|A Guide to Elegance / Genevieve Antoine Dariaux|
London: HarperCollins, 2003, c1964.
It is exactly what it says, a guide to style and elegance, from the perspective of a French stylist from the 60s. So you can probably imagine what a lot of it covers -- from the correct day suit to the style of glove to wear for varied occasions, to how to pack effectively for a transatlantic sea voyage. So, a heck of a lot that isn't relevant for today, but is interesting for a look at the complex social norms of a fashionable society that was MUCH more restricted and bound by widely accepted expectations than ours. It's tiring just reading it!
It's organized alphabetically by topic, from Accessories on down to Zippers and Zoology. It's not only fashion that is discussed, but also grooming, behaviours, event protocols, and more, although it does cover mostly wardrobe and what is and is not chic and elegant. There are lists of the small wardrobe needed by the elegant woman, and this is what I found very intriguing -- there aren't many clothes there at all. A day suit, one pair of trousers, a plain skirt, a few blouses and a sweater, should do you for most things. Plus one white day dress, one black dress a little more formal than the first, and one evening gown. You're set! Don't forget the colourful winter coat (never black) and some expensive accessories, though.

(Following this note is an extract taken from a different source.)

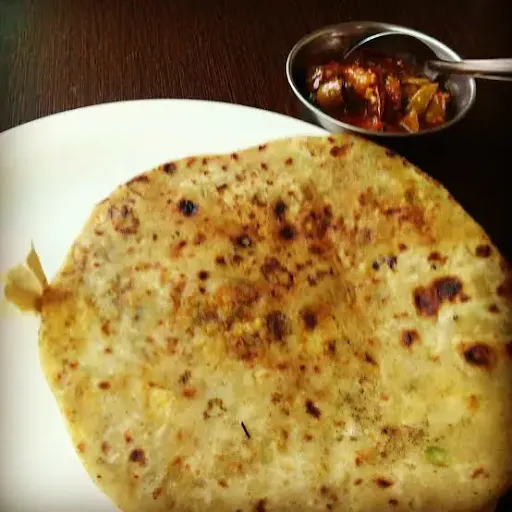 2 Aloo Paratha With Curd [100 Grams]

It's also very amusing, sometimes unintentionally, but sometimes due to the author's arch tone. There were some bits that made me laugh out loud. Beach wear for example: the author notes that no matter how much like a goddess you may appear in a swimsuit, the only appropriate place to wear it nevertheless is the beach. I'd have to agree with that one. She recommends only plain red nail polish for the feet in summer, but most importantly, "Your legs should be perfectly smooth. Nothing can destroy the charm of a woman in a bathing suit more completely than careless leg grooming." I'm not sure why, but this was one of the most memorable lines of the book for me. I laughed a lot and laugh again whenever I recall it.
It gives a sense of a world of the past where rules and judgements were strict and easier for people to use to draw lines between classes. I can see the danger of people finding this appealing and wishing for a lost world where how to be one of the "in" crowd was both clearer and a much more limited option. The appeal of a restricted cool circle, which one of course is a part of, will always be there for some people.
I enjoyed reading this for the whiff of the past and the bits of humour. However, I reject the kind of wealth based, classist interpretation of Elegance portrayed here, in which women and men exist in very particular roles, and racial, political, and gender equality are so very far from consciousness. So while this is still worth reading and has some interesting fashion tips and historical context to learn from, I am not a reader who could say that it is currently relevant. I'm afraid that to be Elegant in the ways shown in this book would also kind of by definition have to include other elements of the social conditions it was written in and for, and I certainly don't want to go back there.
Take it with a grain of sartorial salt, and a view to history, and you'll likely enjoy the read. Just promise me you won't start judging someone for their careless leg grooming after you're done!